Mas o que propõem os subscritores do manifesto? Nada menos do que o controlo político do Ministério Público, culpado de tudo o que está mal no país. Segundo eles vimos «a ação do Ministério Público gerar a queda de duas maiorias parlamentares». Que se saiba, as maiorias parlamentares caíram porque o Presidente da República as entendeu dissolver, e só fez isso porque os chefes de Governo se demitiram por sua livre iniciativa, quando nada os obrigava a fazê-lo. E a seguir houve eleições e os eleitores entenderam não renovar essas maiorias parlamentares. Mas naturalmente que o Ministério Público tem que se considerar o único culpado dessa situação.

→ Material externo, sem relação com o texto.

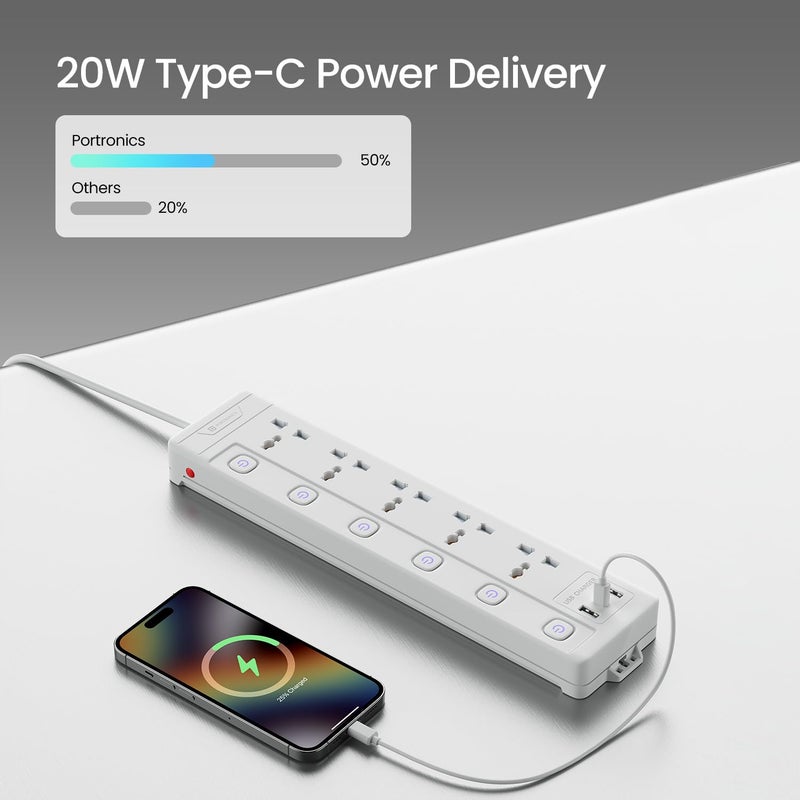 Portronics Power Plate 20 Extension Board with 5 Universal Power Sockets, 3 Meter Long Cord, 2500W Power Extender, 6 Individual Power Switches - Image 4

Sustenta-se assim que os «magistrados do Ministério Público, sem qualquer mandato constitucional, têm, na prática, um poder sem controlo, quer externa, quer internamente, desde logo, pela assumida desresponsabilização da Procuradora-Geral da República pelas investigações». Por isso, os signatários propõem-se «reforçar os meios de avaliação efetiva e independente no seio do sistema judiciário e implementar mecanismos de escrutínio democrático externo, designadamente através de relatórios periódicos a apresentar à Assembleia da República pelos órgãos de governo institucional das diferentes magistraturas e sua apreciação nas comissões parlamentares competentes». Ou seja, aos subscritores do manifesto não basta que o poder político designe membros para os conselhos superiores de magistrados, aos quais incumbe a sua classificação para efeitos de progressão na carreira, como ainda propõem que esses conselhos respondam perante comissões parlamentares, não vá dar-se o caso de os escolhidos decidirem ter alguma independência no exercício das suas funções.

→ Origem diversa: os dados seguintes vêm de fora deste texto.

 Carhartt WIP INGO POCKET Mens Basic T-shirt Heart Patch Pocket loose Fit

Na legislatura anterior, o Parlamento decidiu colocar a Ordem dos Advogados sob controlo do poder político, projecto que concretizou nas alterações ao seu Estatuto. Agora invocando igualmente «uma cultura de perfil corporativo, que manifestamente predomina no Ministério Público», surge uma manifesta tentativa de estender esse controlo político ao Ministério Público, prontamente acolhida pelo Presidente da República ao receber os subscritores do Manifesto.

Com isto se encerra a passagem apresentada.